#### Available records
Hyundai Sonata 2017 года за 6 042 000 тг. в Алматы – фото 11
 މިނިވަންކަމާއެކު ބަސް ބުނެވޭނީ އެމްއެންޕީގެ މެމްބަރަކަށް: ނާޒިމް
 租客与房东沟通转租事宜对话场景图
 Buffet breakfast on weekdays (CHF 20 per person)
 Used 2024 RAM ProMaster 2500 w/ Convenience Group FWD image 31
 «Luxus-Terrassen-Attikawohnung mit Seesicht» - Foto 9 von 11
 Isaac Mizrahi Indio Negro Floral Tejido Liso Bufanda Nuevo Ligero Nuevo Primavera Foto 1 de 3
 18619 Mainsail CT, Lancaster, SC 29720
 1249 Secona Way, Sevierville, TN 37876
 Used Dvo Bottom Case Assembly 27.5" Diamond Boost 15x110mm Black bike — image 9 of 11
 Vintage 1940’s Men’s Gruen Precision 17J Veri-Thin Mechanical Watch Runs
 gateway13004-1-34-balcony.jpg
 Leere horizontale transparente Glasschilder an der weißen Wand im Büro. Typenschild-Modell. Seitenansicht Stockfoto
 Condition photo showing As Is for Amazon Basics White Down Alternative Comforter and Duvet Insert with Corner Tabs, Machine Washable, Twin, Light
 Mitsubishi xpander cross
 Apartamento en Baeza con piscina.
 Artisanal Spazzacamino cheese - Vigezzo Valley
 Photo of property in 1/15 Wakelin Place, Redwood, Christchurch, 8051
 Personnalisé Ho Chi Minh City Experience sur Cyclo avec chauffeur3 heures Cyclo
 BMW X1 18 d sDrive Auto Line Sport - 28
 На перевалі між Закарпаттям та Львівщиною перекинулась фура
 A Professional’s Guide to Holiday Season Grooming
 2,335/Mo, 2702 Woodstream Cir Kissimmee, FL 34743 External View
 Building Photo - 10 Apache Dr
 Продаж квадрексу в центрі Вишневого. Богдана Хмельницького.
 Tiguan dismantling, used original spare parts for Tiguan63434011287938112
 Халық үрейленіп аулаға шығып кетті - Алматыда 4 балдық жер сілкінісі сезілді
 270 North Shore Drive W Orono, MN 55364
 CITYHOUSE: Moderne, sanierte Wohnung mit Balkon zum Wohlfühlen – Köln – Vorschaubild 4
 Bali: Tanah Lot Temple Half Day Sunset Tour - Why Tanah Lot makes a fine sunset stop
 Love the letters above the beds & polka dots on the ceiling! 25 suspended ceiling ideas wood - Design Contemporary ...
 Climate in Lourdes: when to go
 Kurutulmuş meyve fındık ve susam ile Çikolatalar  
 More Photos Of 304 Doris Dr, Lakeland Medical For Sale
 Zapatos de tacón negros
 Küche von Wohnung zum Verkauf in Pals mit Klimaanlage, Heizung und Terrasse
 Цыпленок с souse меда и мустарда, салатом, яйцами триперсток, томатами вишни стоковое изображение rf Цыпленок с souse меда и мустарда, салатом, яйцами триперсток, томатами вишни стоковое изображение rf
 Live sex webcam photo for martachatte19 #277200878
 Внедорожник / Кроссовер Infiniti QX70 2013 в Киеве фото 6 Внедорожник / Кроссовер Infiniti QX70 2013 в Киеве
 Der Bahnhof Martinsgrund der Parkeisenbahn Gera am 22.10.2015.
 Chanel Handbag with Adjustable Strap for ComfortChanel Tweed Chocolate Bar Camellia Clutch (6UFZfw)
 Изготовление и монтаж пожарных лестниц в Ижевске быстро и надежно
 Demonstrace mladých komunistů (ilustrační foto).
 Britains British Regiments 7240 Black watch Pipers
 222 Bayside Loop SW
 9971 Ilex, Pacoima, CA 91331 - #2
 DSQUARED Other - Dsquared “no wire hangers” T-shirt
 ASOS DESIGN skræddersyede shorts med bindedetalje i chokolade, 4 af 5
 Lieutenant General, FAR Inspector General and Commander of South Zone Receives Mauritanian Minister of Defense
########
> _Problem details_
What you return should be exactly the lines above, starting at the one with "Artisanal Spazzacamino cheese" and ending at the one with "Der Bahnhof Martinsgrund", and nothing else.

> _Completed task_
 Artisanal Spazzacamino cheese - Vigezzo Valley
 Photo of property in 1/15 Wakelin Place, Redwood, Christchurch, 8051
 Personnalisé Ho Chi Minh City Experience sur Cyclo avec chauffeur3 heures Cyclo
 BMW X1 18 d sDrive Auto Line Sport - 28
 На перевалі між Закарпаттям та Львівщиною перекинулась фура
 A Professional’s Guide to Holiday Season Grooming
 2,335/Mo, 2702 Woodstream Cir Kissimmee, FL 34743 External View
 Building Photo - 10 Apache Dr
 Продаж квадрексу в центрі Вишневого. Богдана Хмельницького.
 Tiguan dismantling, used original spare parts for Tiguan63434011287938112
 Халық үрейленіп аулаға шығып кетті - Алматыда 4 балдық жер сілкінісі сезілді
 270 North Shore Drive W Orono, MN 55364
 CITYHOUSE: Moderne, sanierte Wohnung mit Balkon zum Wohlfühlen – Köln – Vorschaubild 4
 Bali: Tanah Lot Temple Half Day Sunset Tour - Why Tanah Lot makes a fine sunset stop
 Love the letters above the beds & polka dots on the ceiling! 25 suspended ceiling ideas wood - Design Contemporary ...
 Climate in Lourdes: when to go
 Kurutulmuş meyve fındık ve susam ile Çikolatalar  
 More Photos Of 304 Doris Dr, Lakeland Medical For Sale
 Zapatos de tacón negros
 Küche von Wohnung zum Verkauf in Pals mit Klimaanlage, Heizung und Terrasse
 Цыпленок с souse меда и мустарда, салатом, яйцами триперсток, томатами вишни стоковое изображение rf Цыпленок с souse меда и мустарда, салатом, яйцами триперсток, томатами вишни стоковое изображение rf
 Live sex webcam photo for martachatte19 #277200878
 Внедорожник / Кроссовер Infiniti QX70 2013 в Киеве фото 6 Внедорожник / Кроссовер Infiniti QX70 2013 в Киеве
 Der Bahnhof Martinsgrund der Parkeisenbahn Gera am 22.10.2015.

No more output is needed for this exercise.